Dans son baromètre européen de la conduite responsable, la fondation Vinci Autoroutes révélait que 64 % des conducteurs ne l’appliquaient pas. « Je ne savais pas que c’était une infraction », reconnaît un homme d’une soixantaine d’années arrêté sur le stand de prévention de la Diro installé sur la place de la Mairie, à Rennes. En cas de non-respect, la sanction est pourtant sévère : 135 euros d’amende et une éventuelle perte de points. « A la louche, je dirais que les trois quarts des gens ne le respectent pas », témoigne Frédéric, l’agent Diro.
En cas de panne ou d’intervention d’agents de la route, il est obligatoire de se déporter pour laisser libre le corridor de sécurité. - Dir Ouest
L’apparition de nouveaux panneaux validés au Journal officiel en avril 2025 devrait progressivement permettre de faire connaître cette fameuse règle, visiblement méconnue. Depuis le printemps, trois panneaux successifs posés sur le bord des routes viennent aiguiller les usagers sur la marche à suivre. Concrètement, cette règle consiste à dégager un corridor virtuel lorsqu’un véhicule est stationné sur le côté, en se déportant sur une autre voie. « Si ce n’est pas possible, il faut fortement ralentir pour laisser les agents et les personnes en sécurité », poursuit Véronique Malard, dont les équipes interviennent régulièrement sur la rocade de Rennes.
« Ici, le trafic est énorme. Sur certains tronçons, c’est 120.000 véhicules par jour. Alors forcément, on a toujours du stress à intervenir. On sent parfois que le camion est soufflé par les poids lourds. On a peur d’être happés », poursuit la cheffe adjointe.
S’ils peuvent faire peur avec leurs longs camions de plusieurs dizaines de tonnes, les chauffeurs de poids lourd seraient pourtant les plus enclins à respecter ce fameux corridor de sécurité. « Parce qu’ils passent régulièrement des formations et qu’ils connaissent les nouvelles règles », explique Patrick, vingt-trois ans d’expérience à la Diro.
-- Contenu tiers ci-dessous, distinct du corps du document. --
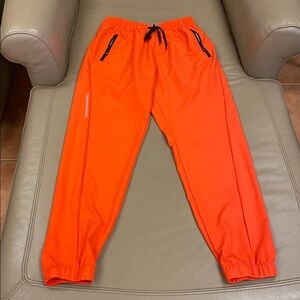 Techtraining Orange Track/Jogger Pants with Black Accents - Small
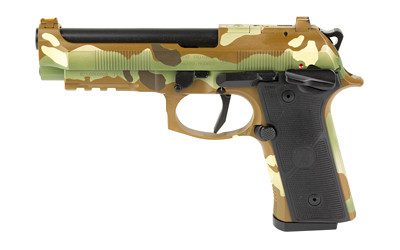 Beretta 92xi SAO 9mm Luger 4.7in 10 Rounds Multicam Cerakote Finish - SPEC0733A10 - 082442989280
Pour sensibiliser la population aux dangers de leur métier, les agents de la Direction des routes de l’Ouest montrent l’un de leurs camions acccidentés. - C. Allain/20 Minutes
Le 24 juin, un agent âgé de 24 ans est décédé pendant une intervention en Normandie. D’autres agents ont été blessés, des camions bousillés par des chocs violents. L’illustration concrète du danger permanent qui guette les agents des routes. Mais aussi toutes les personnes en panne ou accidentées. « Ce sont les gens que nous venons aider qui nous le disent. A chaque fois, ils sont effrayés par la vitesse à laquelle passent les voitures et les camions. Ils nous disent tous qu’ils ne se rendaient pas compte que c’est si dangereux », assure Frédéric.
La police vient sécuriser la zone
A Rennes, un partenariat a été noué cet été avec la police nationale dans le but de sécuriser les opérations de sécurisation. « Nous essayons d’être là quand ils mènent des travaux par exemple. Cela permet de sécuriser la zone de travail », assure le lieutenant de police Maud Le Jossec. Fin août, les motards avaient procédé à la verbalisation de 84 personnes en seulement quelques heures. Preuve que le corridor de sécurité n’est pas connu. Ou du moins pas respecté. Maintenant, vous savez.